Marty’s photos of the day #2755: With this being Christmas week, I’m dedicating it to Catholic-related photos I shot in Italy and Spain. While visiting both countries, I thoroughly enjoyed all the opulent Catholic sights. That being said, how can a religion based on a book whose main character railed against the rich, turn around and waste so much money on vast displays of wealth? Isn’t it a wee bit hypocritical for the Catholic Church to preach “It’s easier for a camel to go through the eye of a needle than for a rich man to enter into the kingdom of God,” while doing the exact opposite themselves?

This is what I wrote about the subject in my first book, Cool Creatures, Hot Planet: Exploring the Seven Continents:

“Roman Catholicism became Spain’s established religion in the sixth century, and it remained that way (except for a brief period) until 1978, when the country’s new constitution declared an end to state religion.

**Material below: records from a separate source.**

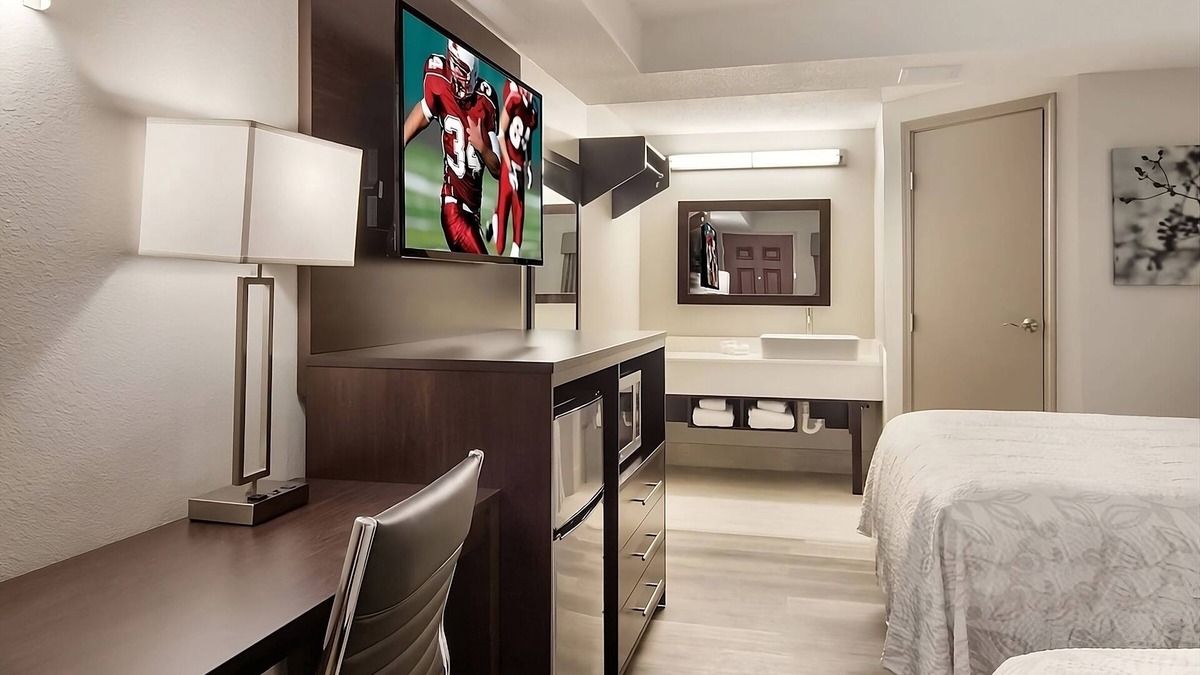 Erie Hotel | Comfort & Convenience, 2 Sleek Units,Free Parking, Pets Allowed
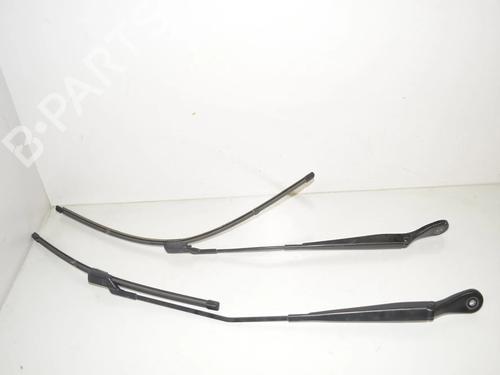 front-windshield-wiper-arm-bmw-2-active-tourer-f45-2013-2014-2015-2016-2017-2018-2019-2020-2021-34083768 main image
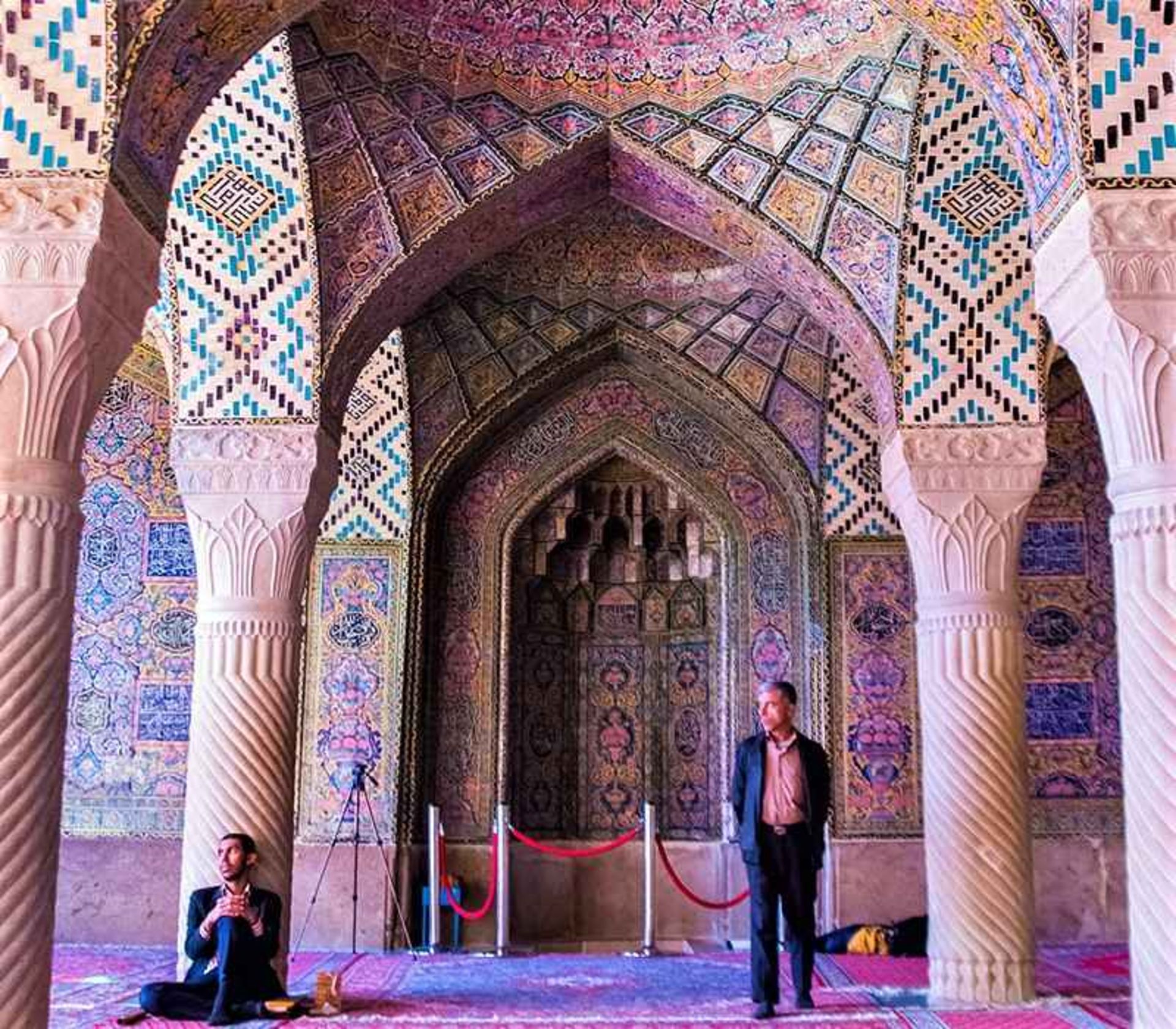 حضور مردم در مسجد نصیرالملک، منبع عکس: unsplash.com، عکاس: Faruk Kaymak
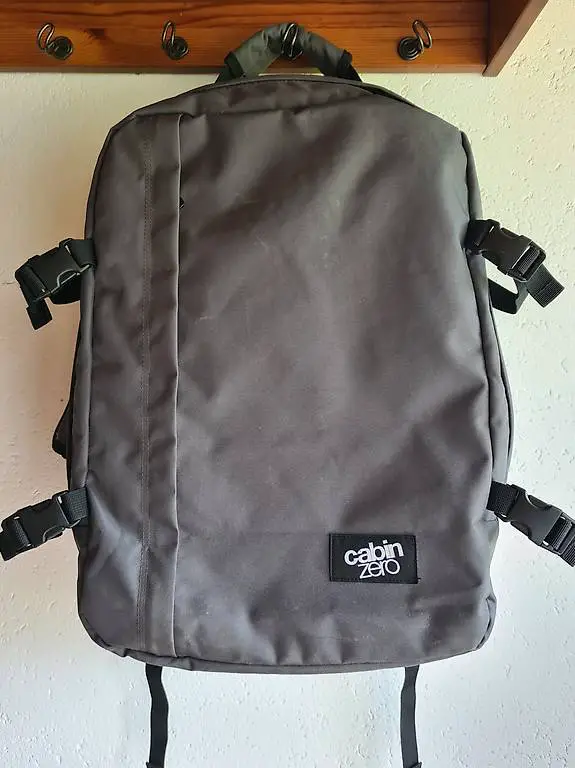 Cabin Zero Classic 44L Rucksack Handgepäckgrösse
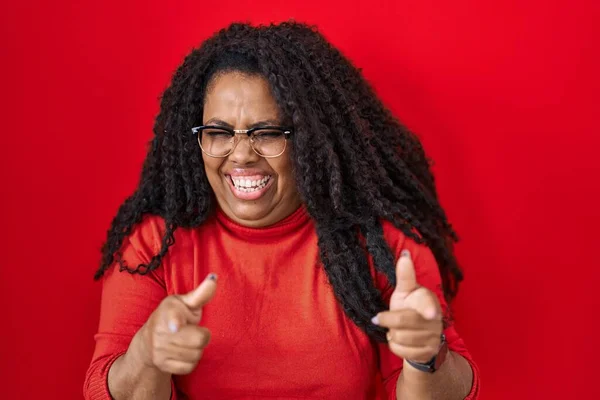 Size Hispanic Woman Standing Red Background Pointing Fingers Camera Happy — Stock Photo, Image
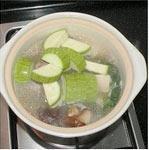 猪骨腊味冻豆腐汤的做法步骤5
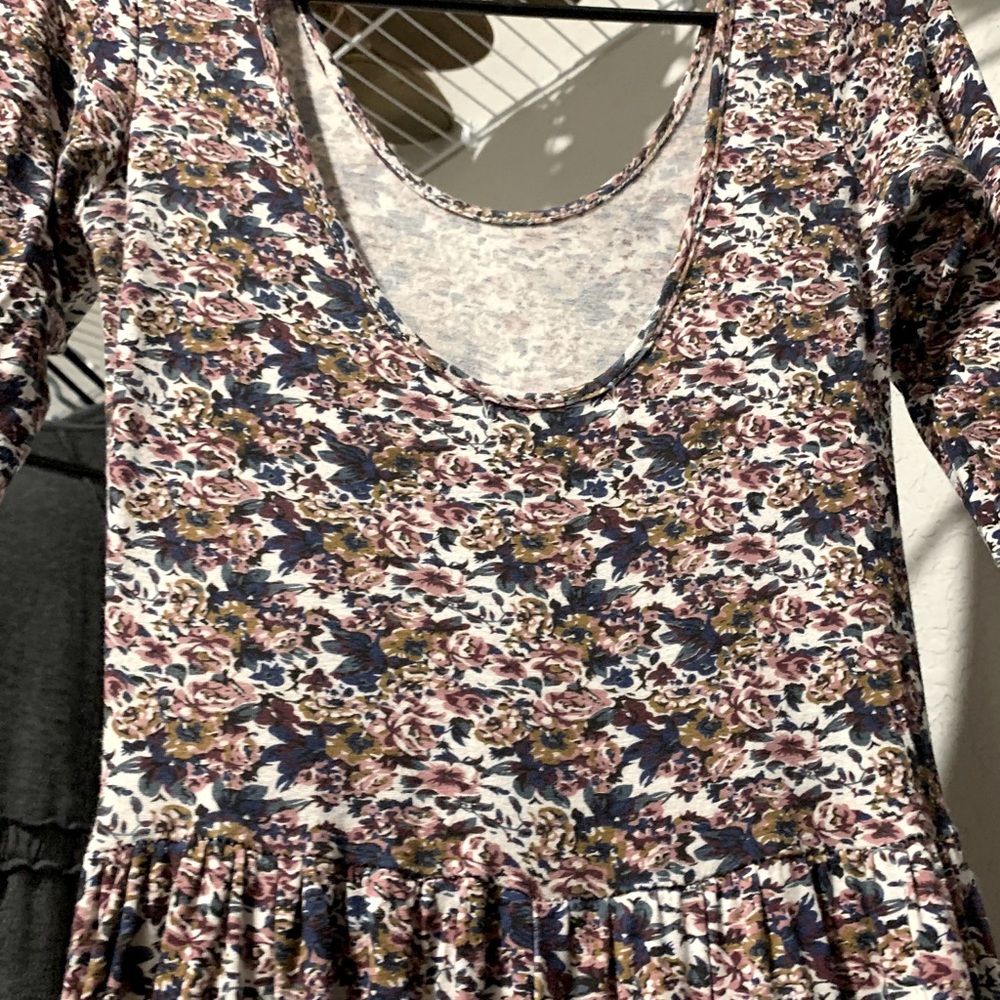 Dress - Picture 6 of 8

The Catholic Church’s long history of wealth and power was on display wherever I looked. Whether it was a store selling silver scepters, golden chalices, and precious metal accessories for the well-dressed priest or the extreme opulence in the cathedrals, all the gold and silver I’d seen in my life up to that point would be a mere speck compared to what I saw in a single afternoon in Madrid. . . . . Many of the churches had massive pillars, soaring arches, beautiful gold-framed antique paintings, colorful stained-glass domes inlaid with gold, huge gold and silver pipe organs, and elaborate stations where you could drop in coins to light electric candles. Even the doors, most with intricate three-dimensional artwork, were remarkable sights. Imagine the good the churches could of done if they had invested their money into helping the poor instead of decorating their buildings.”

Today’s photos are of the Florence Cathedral (Duomo di Firenze) in Florence, Italy. This was one of the most impressive buildings I’ve seen while traveling all seven continents. Even with my camera lens set to its widest, I could never get more than a fraction of the building into frame. These eight photos still omit wide sections of the cathedral. Construction began in 1296 and was completed in 1436.